Subsequent events
9 On 6 December 2016 the Australian Securities and Investments Commission (ASIC) published a notice of proposed deregistration under s 601AB(1) or (1A) of the Corporations Act 2001 (Cth) (Act) in relation to Lyon. On 6 February 2017 Lyon was deregistered.
10 On 13 July 2017 First Solar demanded payment of the Loan from Lyon.
11 On 2 August 2017 Squire Patton Boggs, the solicitors at the time for First Solar, among other things, demanded payment of the Loan; put Lyon's directors on notice of First Solar's intention to apply for reinstatement of Lyon; and sought an account of the Project Assets.
12 On 21 September 2017 First Solar commenced this proceeding seeking orders pursuant to s 601AH(2) of the Act that ASIC reinstate Lyon's registration and pursuant to s 461 and ss 601AH(3)(b) and (d) of the Act that Lyon be wound up immediately following reinstatement and that Simon Cathro be appointed as its liquidator.
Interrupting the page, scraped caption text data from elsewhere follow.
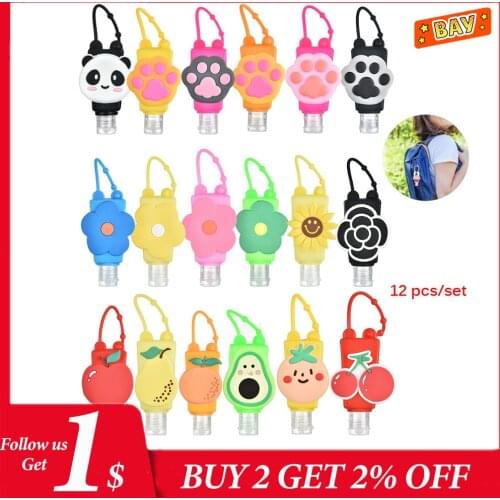 12pcs Cartoon Mini Hand Sanitizer Split Bottles Travel Portable Hand Gel Holder Bottles No Clean Detachable Cover Bottle for Kid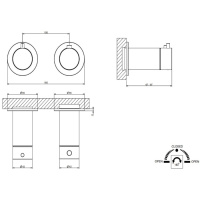 GESSI 316 смеситель для душа встраиваемый, термостатический, с переключателем на 2 положения, внешняя часть, цвет Steel Brushed - Gidratop.ru изображение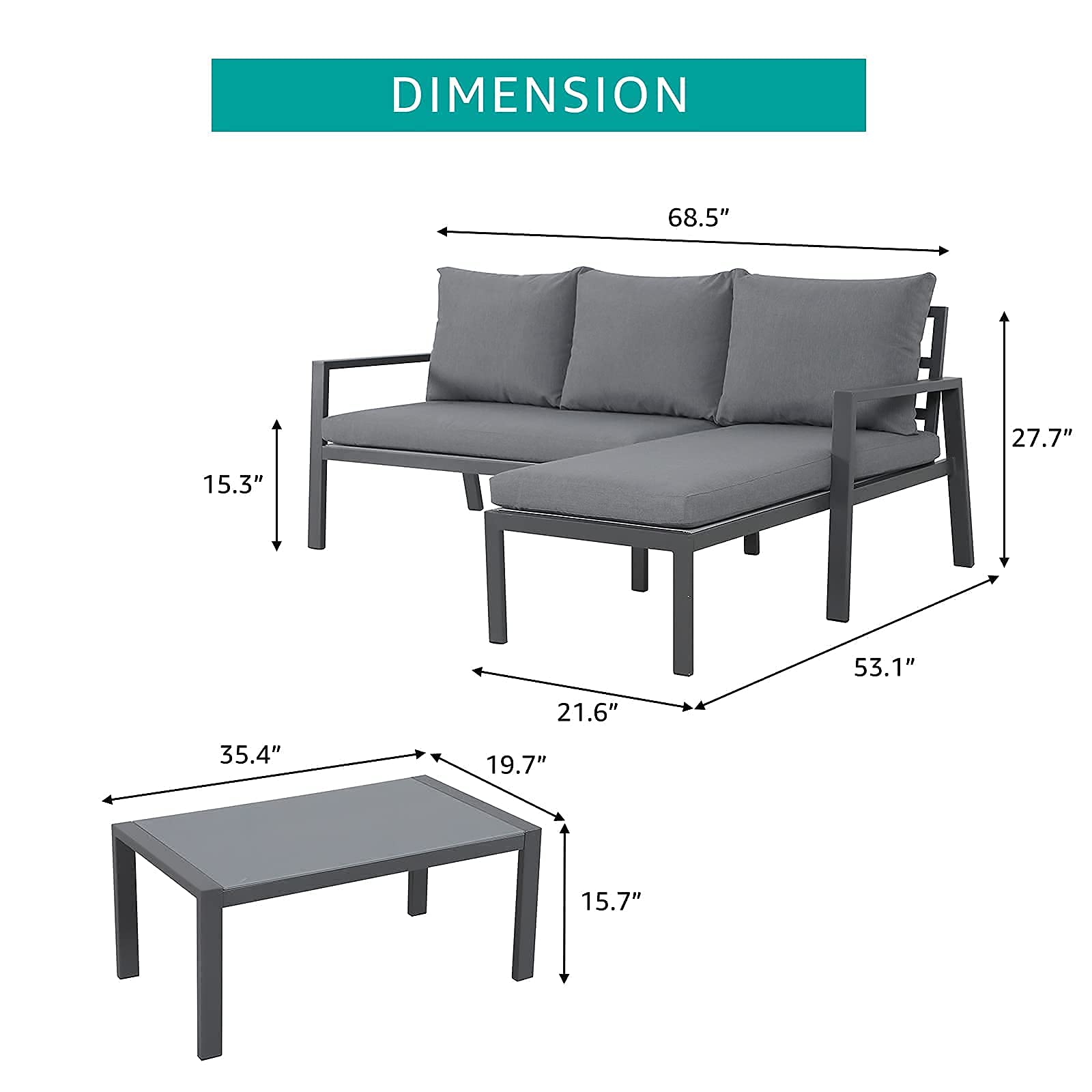 Outdoor Patio Furniture Set with Chaise Lounge, Aluminum Sofa Set for Porch Garden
13 On 28 September 2017, in response to the originating application and the affidavit in support sworn by Kent Draper on 21 September 2017, Clayton Utz, at the time the solicitors for the former directors of Lyon and now the solicitors for Lyon, Lyon 1 and Lyon Solar, informed Squire Patton Boggs, among other things, that:
2. In that regard, we note the following:
(a) Lyon was deregistered by the Australian Securities and Investments Commission (ASIC) because company review fees were not paid by the due date.
(b) Our clients undertook a restructure of the Lyon Group business, which resulted in (amongst other things) the registration of Lyon Infrastructure Investments 1 Pty Ltd (Lyon 1). In the course of the restructure certain administrative issues, including payment of the review fees, were overlooked.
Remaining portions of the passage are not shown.